The Indian great managed 1,562 runs in 14 Test matches with the help of seven hundreds and five fifties, including 948 runs in wins alone. Four of his hundreds came in wins, which only states how crucial Tendulkar was to the team in 2010. Overall, the batsman faced as many as 2,794 deliveries in Test cricket in the year — the most by any batsman, with second-placed Jonathan Trott facing 2,680 deliveries.
While Tendulkar tired out the bowlers in the longer format and displayed his excellent defensive skills, he managed to turn them around in the Indian Premier League, where he ended with the Orange Cap that year. In 15 games, the Mumbai Indians batsman scored 618 runs with the help of five fifties and a high score of an unbeaten 89. Moreover, he scored his runs at a strike-rate of over 132 — the second highest from his team among batters with more than 300 runs. His efforts played a huge role in Mumbai’s march to the final, where they eventually lost by 22 runs against Chennai Super Kings.

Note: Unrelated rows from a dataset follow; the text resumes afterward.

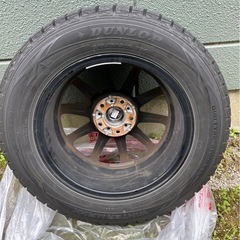 DUNLOP215/60R16 95Q スタッドレス4本セット「付属品有」 WINTER MAXX 02 4本 スタッドレスタイヤ 215/60R16 95Q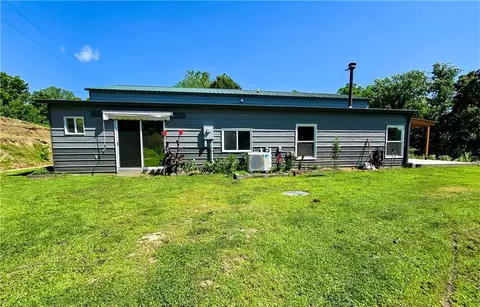 Exterior - 10259 S Perry Rd, Orrick, MO 64077 photo 2 of 13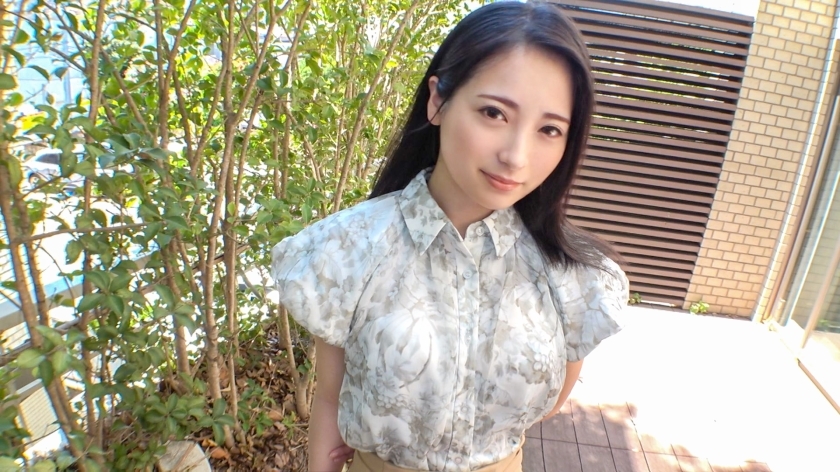 SIRO-5181 SIRO-5181 [高峰花] 干净俐落的美女，迎来人生第三根鸡鸡！儘管她只经历过正常的性行为，但她却被强烈的渴望到潮吹和尖叫！ 【初拍】AV线上申请→AV体验拍摄2074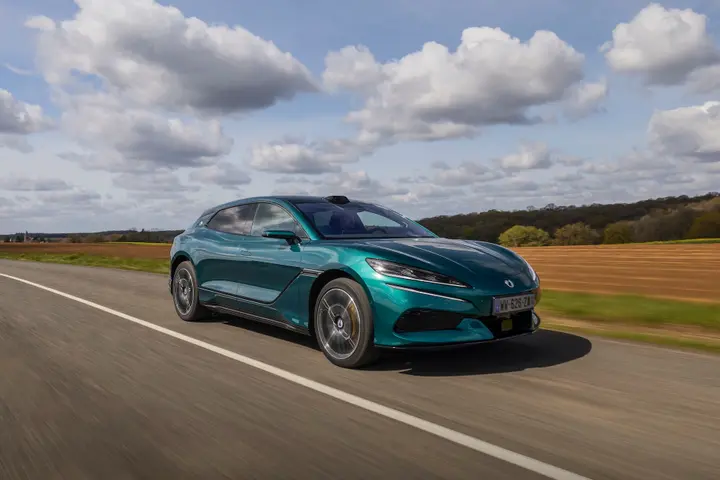 Denza Z9GT 2026 prova su strada dinamica anteriore 3 4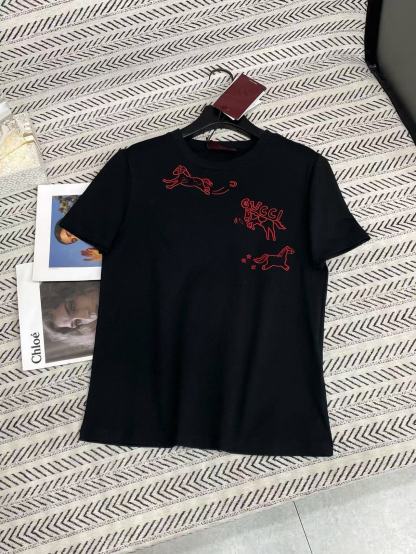 GUCC1 刺繍ポニーロゴレターTシャツ【50％割引+送料無料】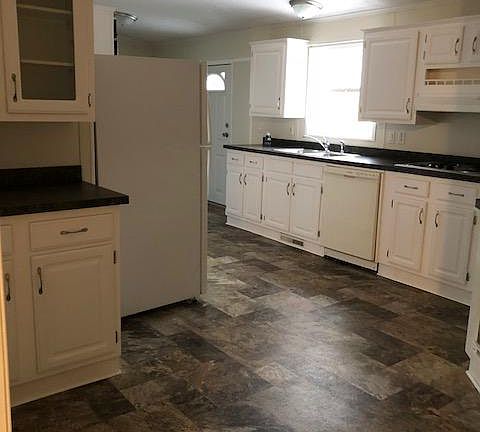 2nd image of 210 Pinegrove Dr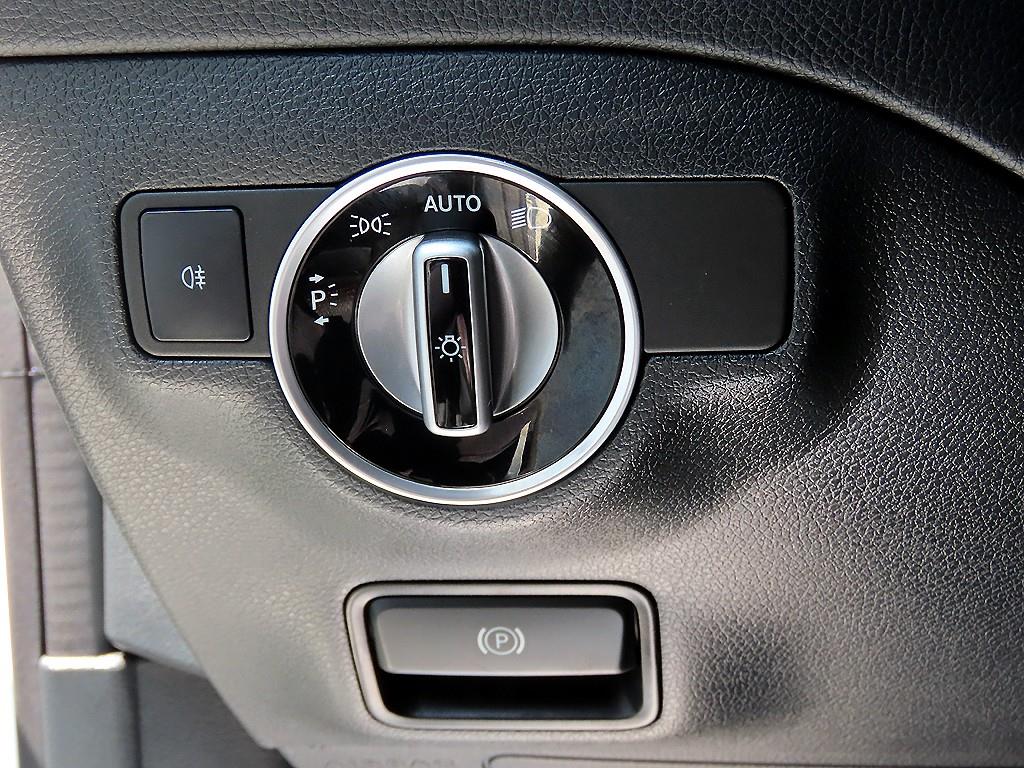 Mercedes Benz CLA Class - Vista 12
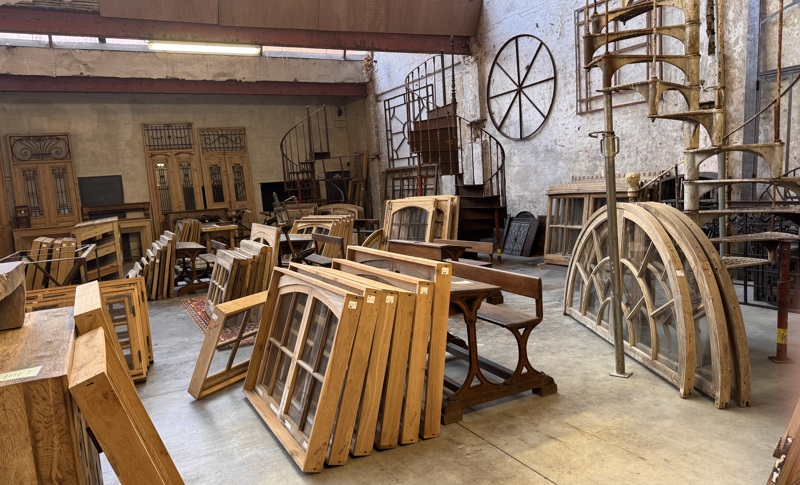 Portes, fenêtres et volets anciens en chêne et en pin 23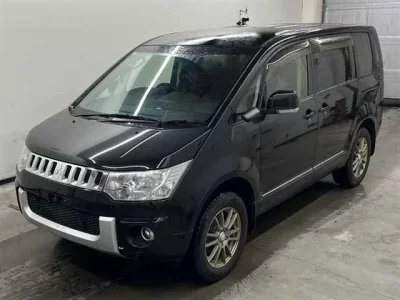 Mitsubishi DELICA D5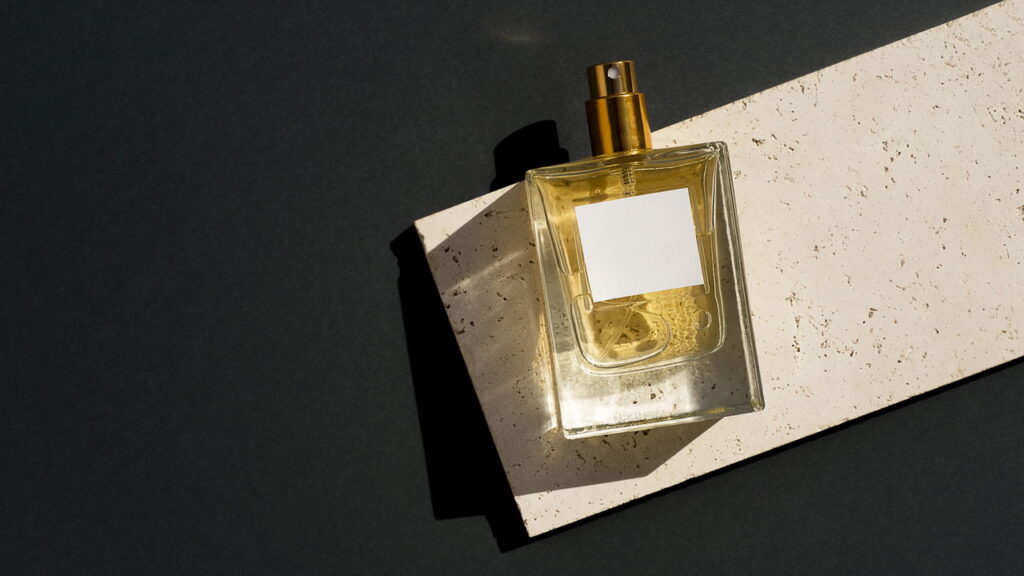 Você vai se surpreender com o novo jeito de usar perfume em 2025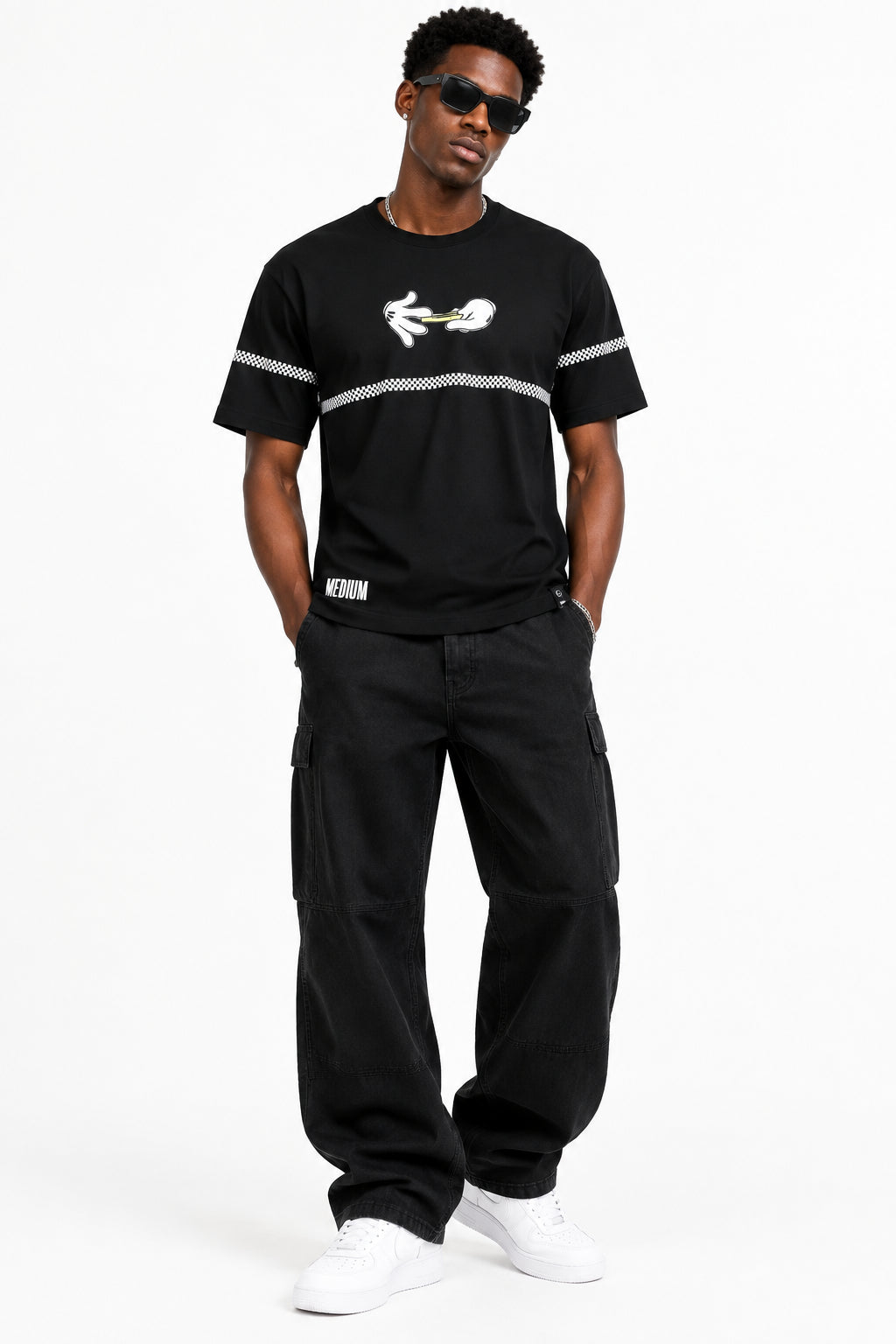 Camiseta negra.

Kallis, on the other hand, one of the stalwarts of South African cricket, ended up with 1,198 runs @ 79.86 in the Tests in 2010 with the help of six hundreds (second only to Tendulkar’s tally), including a high score of 201* in the format. He was prolific in the IPL as well, where he ended as the year’s second-highest run-scorer, with 572 runs for his team Royal Challengers Bangalore. Though Kallis scored at a strike-rate of 115.78, he was the perfect foil to Robin Uthappa at the top of the order. Kallis’ ability to hold one end up yet hit the big hits when the team demanded it allowed RCB to enter the playoffs as the fourth-ranked team.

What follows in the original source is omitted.